Finnie Frolicks! The ugly duckling and Swan Sibling...
What's a finnie?
A finnie is a very trendy old Mercedes Benz. They were in production between 1959 and 1967. The reason many of us Mercedes fanatics have given the name 'finnie' to them is due to the rear of the car; there are very subtle fins. You can see them on the 220S pictured:
During that era, it was very fashionable to have fintails on cars; and typically of Mercedes Benz, this was done very subtly and with typical Mercedes style (arguably unlike their American friends - which tended to have massive fins). Many people remain at extremes when it comes to rating their looks, they either think they're really ugly, or think they are very cool. I, of course, subscribe to the latter school of thought.
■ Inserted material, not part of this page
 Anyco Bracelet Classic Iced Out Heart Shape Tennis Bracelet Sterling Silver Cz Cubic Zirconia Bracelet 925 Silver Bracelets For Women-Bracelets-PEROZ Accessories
The first car I ever owned was a 1961 220S; so finnies will always tug at a heart string for me.
Their Mercedes code was W111 series and W112 for the long wheelbase (300SE).The first of the finnies included compact models such as the 190D (used as taxis commonly - D for diesel) and the more luxurious 'S' class models such as the 220Sb, 220SEb, 300SEb and the two door equivalents.
The two door series did not have fins on the back; in my personal opinion, these series of two door cars were amongst the best looking cars ever built. They have some of the most beautiful lines in the business.
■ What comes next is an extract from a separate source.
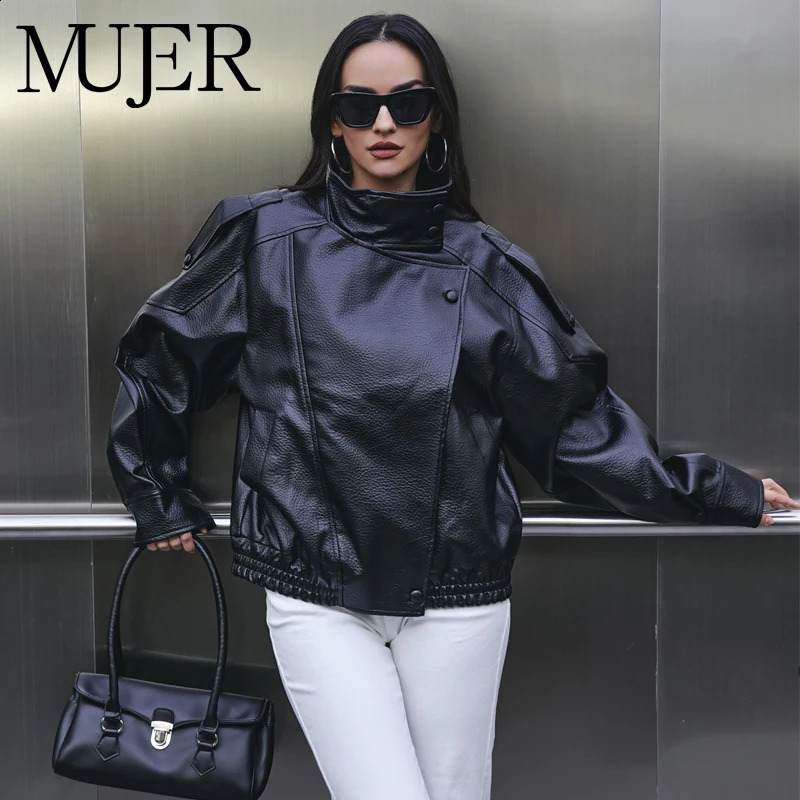 MUJER Faux Leather Women's Jacket Black Oversize Bomber Jackets for Women Outerwears Winter Overcoat Female Fashion Jacket Woman 260921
Here's a pictureof my 1962 220SE coupé (please excuse Angie and I
for being in your way).
Aside from the beauty of the outside of these cars, the interiors were beautifully designed. The dashboard, instrument cluster, speaker cover and centre console between the seats were solid pieces of exotic woods. The seats were covered in leather, my favourite colour on these is red, as in the interior shown below.
In most countries at the moment, finnies are a particularly good option if you wish to drive a grand (not to mention very reliable) piece of motoring history at a bargain price. It would be fair to expect to pay under US$8,000 almost anywhere for a good one. Prices for concours condition models may fetch up to US$30,000; but often with a concours car, it's a sellers' market, so any price is possible, not to mention cars in concours condition are generally not bought to drive.